Working data below:

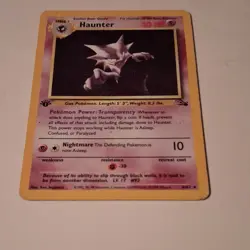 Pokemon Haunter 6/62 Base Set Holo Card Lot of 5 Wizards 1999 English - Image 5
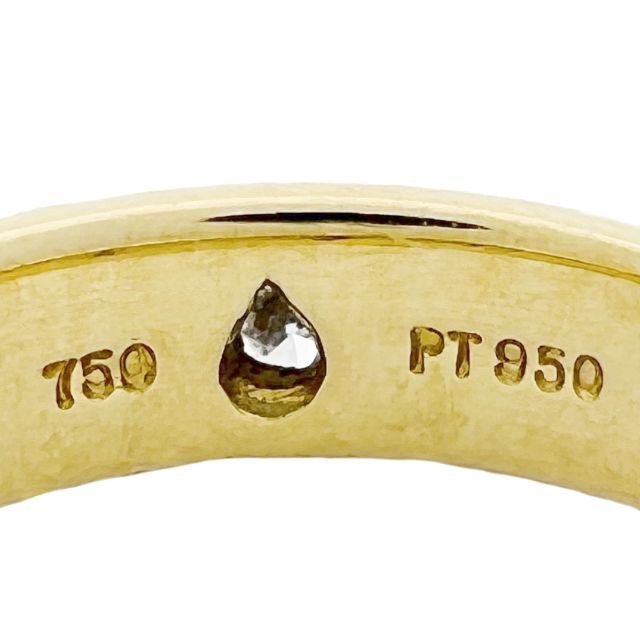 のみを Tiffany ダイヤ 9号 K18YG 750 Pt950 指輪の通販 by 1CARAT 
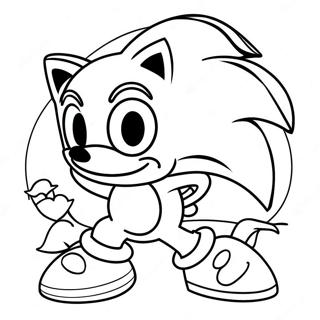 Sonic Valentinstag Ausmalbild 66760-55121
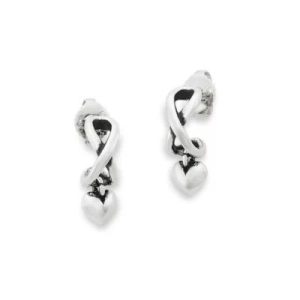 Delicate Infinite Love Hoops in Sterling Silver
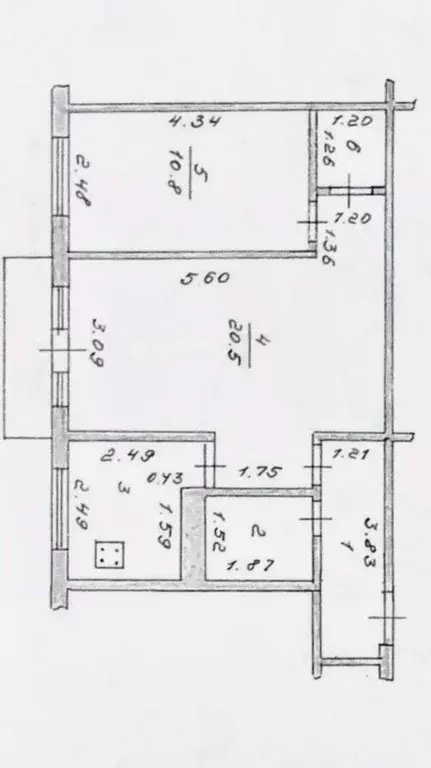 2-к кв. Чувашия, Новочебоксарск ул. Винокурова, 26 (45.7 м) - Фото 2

End of Working data.

** Problem **
Print the stretch of the data from the line with "Delicate Infinite Love" through its last line, exactly and with both ends kept. Omit pictures.

** Your solution **
 Delicate Infinite Love Hoops in Sterling Silver
 2-к кв. Чувашия, Новочебоксарск ул. Винокурова, 26 (45.7 м) - Фото 2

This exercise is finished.